# Your goal
Set down the entries below exactly, leaving out all images.

━━━━

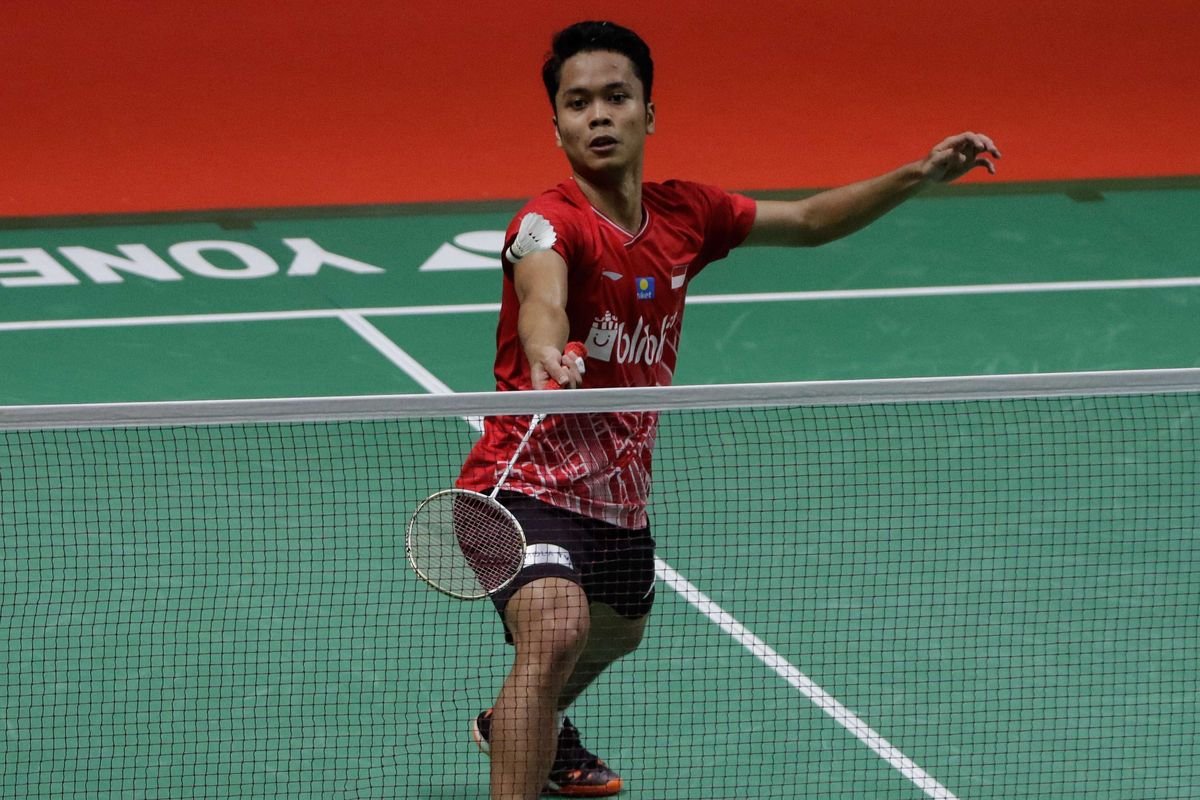 netting bulu tangkis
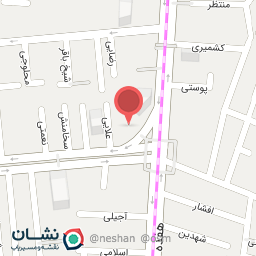 عکس مرغ بریانی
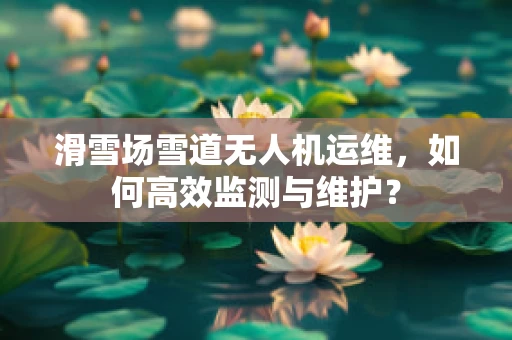 滑雪场雪道无人机运维，如何高效监测与维护？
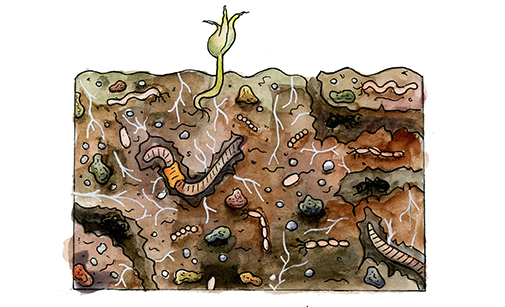 Soil Engineering: The Relationship Between Soil Texture And Function
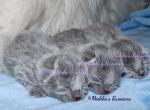 Russian Blue Kittens Profile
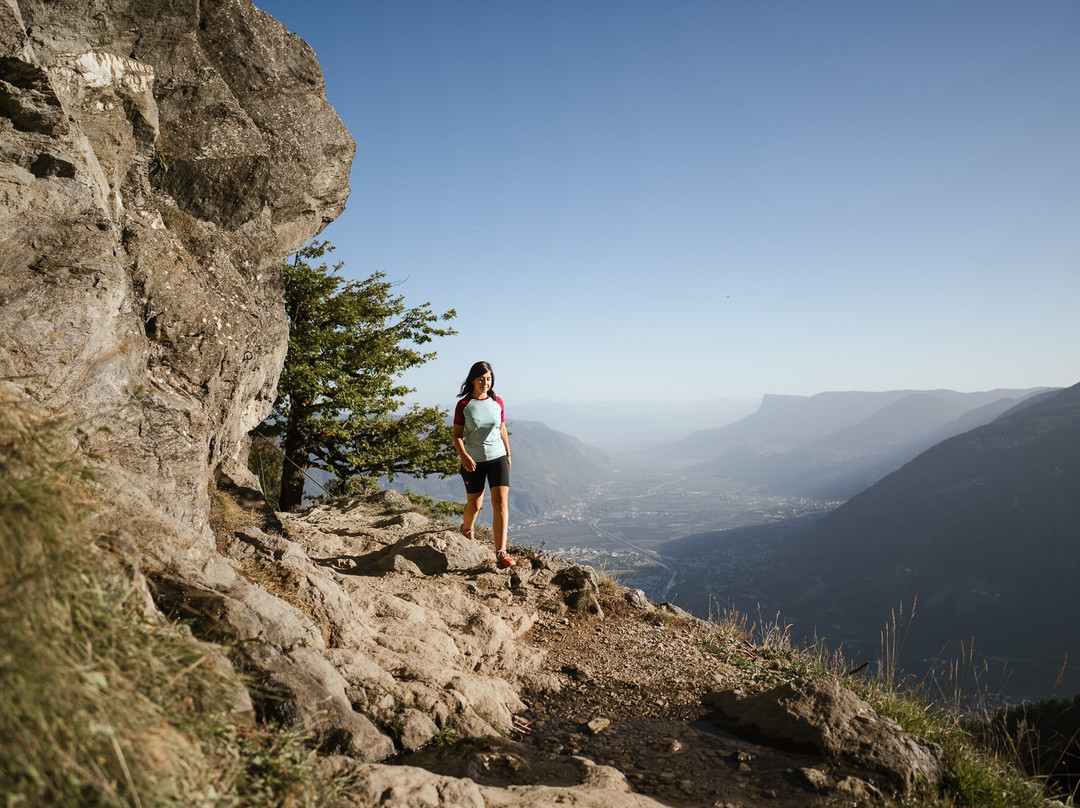 Merano High Mountain Trail景点图片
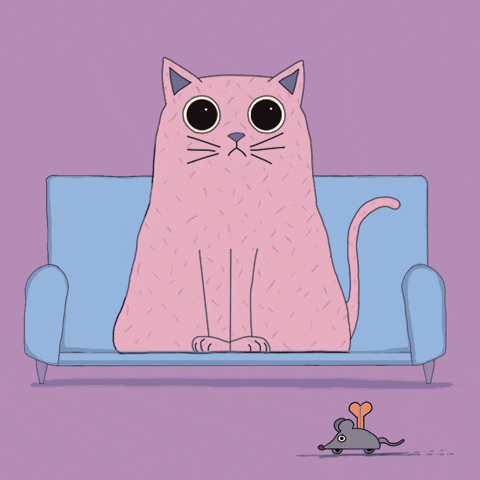 Gata GIF by victorious_es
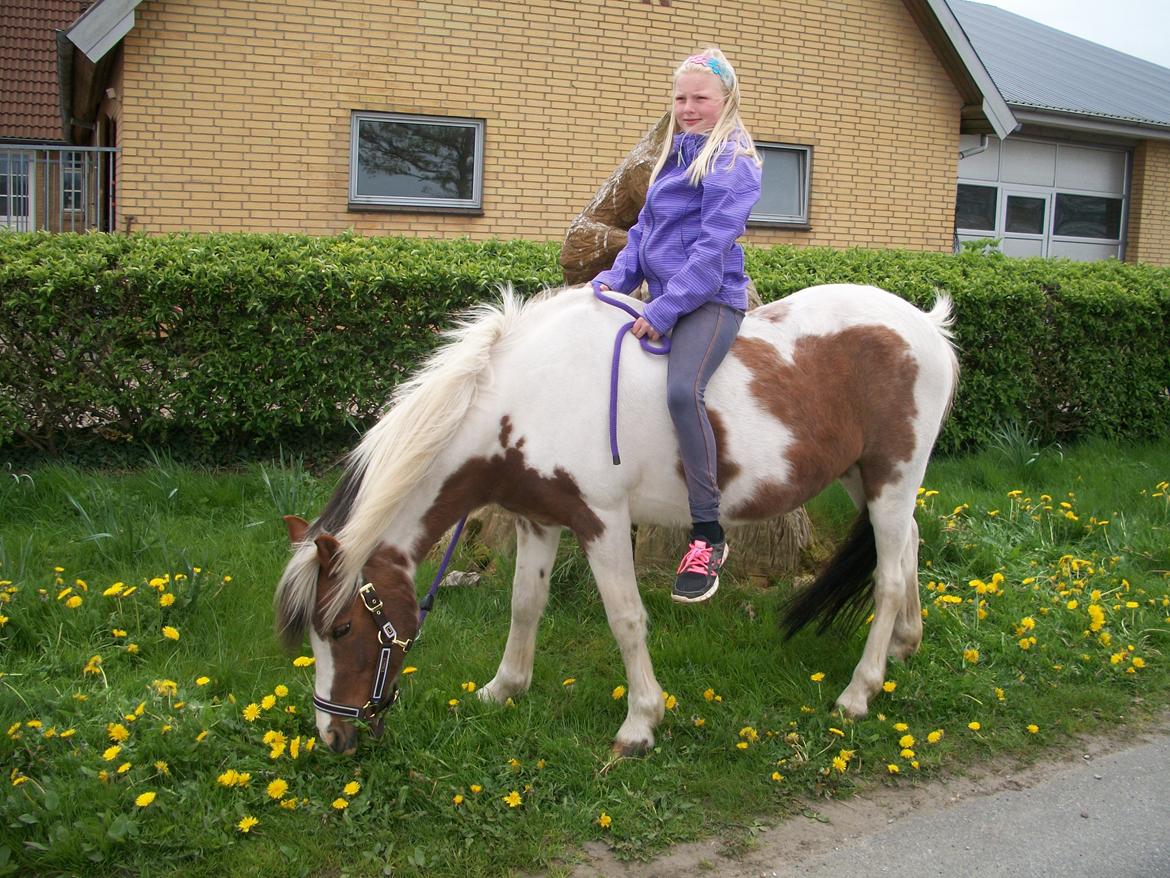 Pinto Bella billede 6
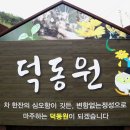 순천-28호 이미지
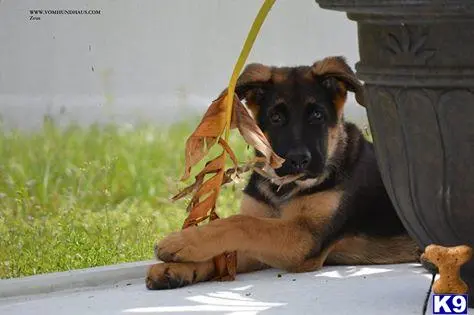 German Shepherd puppy for sale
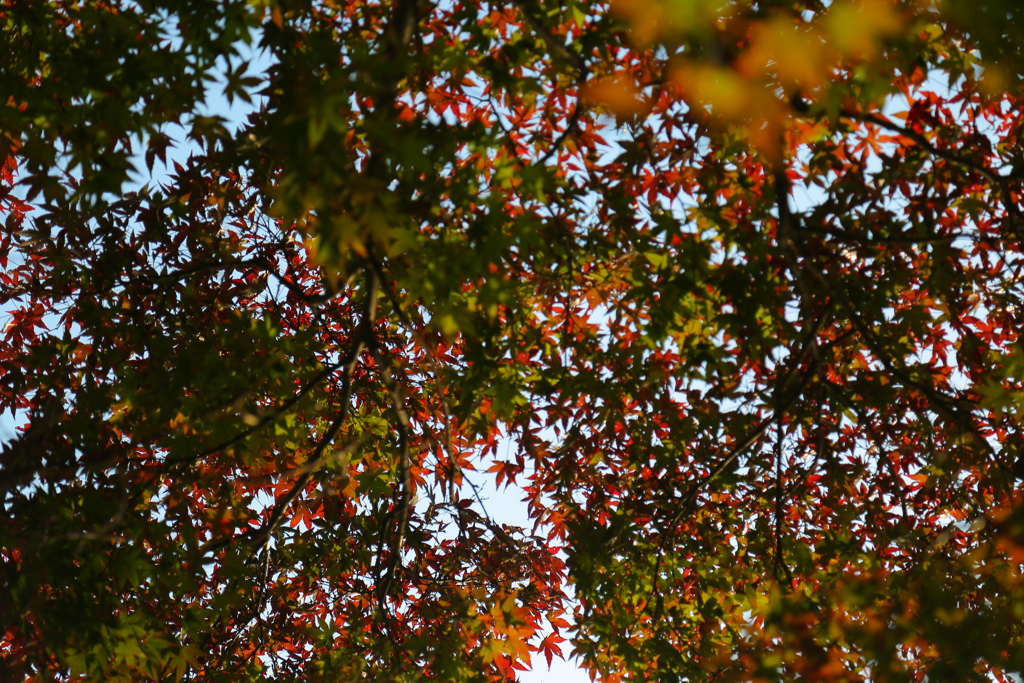 紅葉
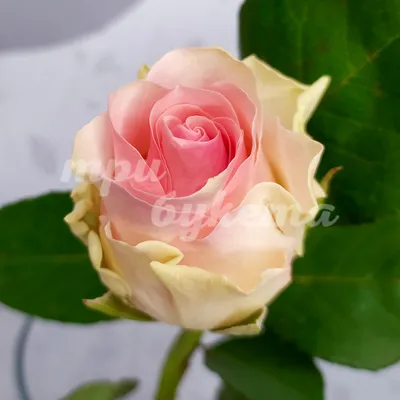 Роза \"Сеньорита\" - Салон цветов \"Ирис\"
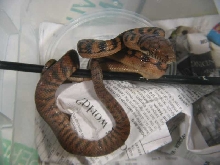 Female Barneck Scrub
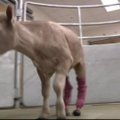 Veršelis Hero gavo kojų protezus ir naują šansą gyventi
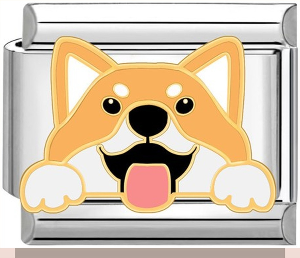Corgi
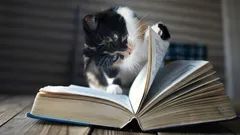 Waarom een kat op de spullen van zijn baasje gaat zitten: experts noemen 4 redenen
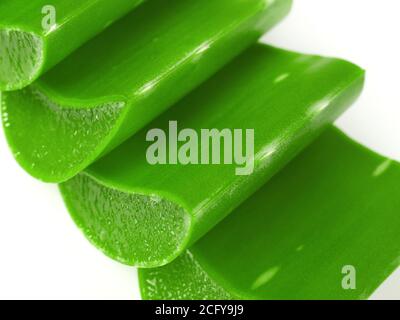 Aloe Vera Nahaufnahme, isoliert auf Weiß Stockfoto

━━━━

# Response to this task
 netting bulu tangkis
 عکس مرغ بریانی
 滑雪场雪道无人机运维，如何高效监测与维护？
 Soil Engineering: The Relationship Between Soil Texture And Function
 Russian Blue Kittens Profile
 Merano High Mountain Trail景点图片
 Gata GIF by victorious_es
 Pinto Bella billede 6
 순천-28호 이미지
 German Shepherd puppy for sale
 紅葉
 Роза \"Сеньорита\" - Салон цветов \"Ирис\"
 Female Barneck Scrub
 Veršelis Hero gavo kojų protezus ir naują šansą gyventi
Corgi
 Waarom een kat op de spullen van zijn baasje gaat zitten: experts noemen 4 redenen
 Aloe Vera Nahaufnahme, isoliert auf Weiß Stockfoto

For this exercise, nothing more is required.